If Rudyard Kipling were alive and writing today in Falmouth, and if he picked up Falmouth author Brian Engles’s new book “Wildball,” he might offer the following: “Oh, Arts is Arts and Sports is Sports, and never the twain shall meet,” paying homage to the poignant and important theme of this literary offering from this pensive and multi-talented Falmouthite.

Brian’s first book, much like the varied and interesting life he leads, covers many themes and topics. He is a musician, an author, a barista, and a young man with tremendous promise, unafraid to suggest and stimulate discussion on timely issues that warrant examination. Set against the backdrop of summer baseball on Cape Cod, “Wildball” explores what Brian describes as “the idea that being a man is defined by toughness, physical strength, and lack of emotion—which can get amplified in sports environments.”

He further explained, “Kids shouldn’t be afraid to be both athletic and artistic,” noting that he hopes the book is a launching point to show young people that they can be both creative and athletic, crossing what can sometimes be difficult boundaries for young men. As a writer who was active in music and theater as a young man and sometimes paid the price, I can identify with the topic, and profoundly appreciate his willingness to explore it.

A synopsis in Brian’s own words tells the tale of his coming-of-age tale. “Set in seaside Nailer’s Cove, ‘Wildball’ is the story of Shane Monoghan—one of the best collegiate shortstops in the Nation. While playing summer ball in the prestigious Cove League, Shane fights for his position both on the field and off. Balancing a complicated host family and his brother’s redeployment to Iraq, Shane learns that his high school coach Mike Calloway, the man responsible for developing him as a player and bullying him relentlessly, just passed away.

“Unable to process his anger at Calloway, Shane finds comfort and distraction in mentoring a local kid, Noah Kinton, while stepping into the role of Team Captain for the Brigs. But when a former teammate asks for Shane’s support in coming forward about Calloway’s abuse, Shane’s life begins to unravel.

“This coming-of-age tale examines the consequences and catharsis of honesty as Shane risks his future in the game by reconciling a past he can no longer outrun.”

That author notes that, with so much discussion on bullying and abuse, the time was right to write and release this work. The backdrop of the Cove League, the fictional equivalent of our own iconic Cape League, was important to Brian as well, as he is a lover of baseball and lifelong fan of his, and our, hometown team, the Falmouth Commodores. He made a point to note that the antagonistic coach in the book was not a Cape League coach. “The Cape League has this sort of wonder.
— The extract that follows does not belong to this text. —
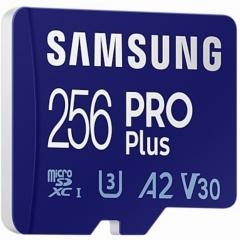 256GB Samsung PRO Plus MicroSDXC 120MB/s +Adapter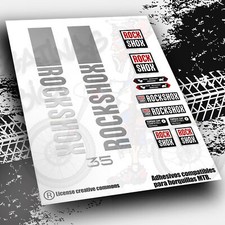 Adesivo forcella rockshox - adesivo,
It’s timeless,” he explained, speaking with affection for a local institution that is one of the few things that “forces us to be present” and allows for a welcome distraction from the inundation of information in our everyday lives.
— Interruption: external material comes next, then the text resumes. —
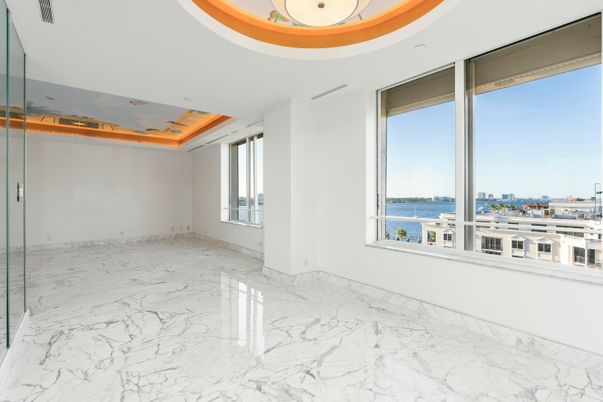 Empty room, Interior, Marble, Water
Brian also gave kudos to his hometown for the support he received throughout this creative process. He offered thanks to hometown favorite author Ted Murphy, whose own coming-of-age novels have been enjoyed worldwide; recognized the dad- and-daughter team of Rich and Elizabeth Sherman for their assistance with publicity; and praised attorney Jonathan Polloni, who helped him wade through the maze of a publishing contract. “It’s been an ‘it takes a village’ kind of ordeal,” explained Falmouth’s newest successful scribe, reinforcing the community spirit and support that define this special place.
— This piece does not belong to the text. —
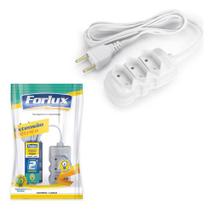 Extensão Elétrica 5m Bipolar Compact Branca 2p 10a/250v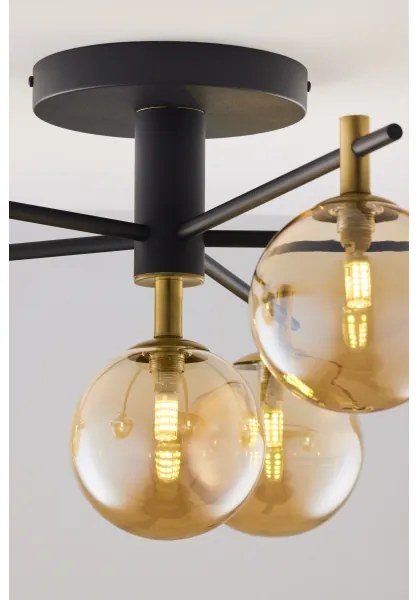 Lustră aplicată Jupiter 2033 FIGARO 6xG9/10W/230V negru/auriu/bej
On April 29 at 5 PM, the rest of Brian’s beloved Falmouth will have the opportunity to share in this accomplishment, as his official launch party will be held at the Coffee Obsession on Queen’s Buyway, not only Brian’s place of employment, but a spot where owner Hugh Birmingham displays unwavering support of Falmouth’s artistic community. It’s certainly a fitting location for the launch of a project that reminds us all that it’s okay to be an artist and it’s okay to be artistic. Pre-purchase of the book is available at

Brian revealed to me that his own experiences—particularly some intense bullying while he interned at some production companies in Hollywood—informed and inspired his work. His courage in not only tackling a difficult issue but in drawing a parallel to his own pain is both laudable and notable. He credits his Falmouth community for helping him tell his tale, but it is we who should be thanking him for doing it.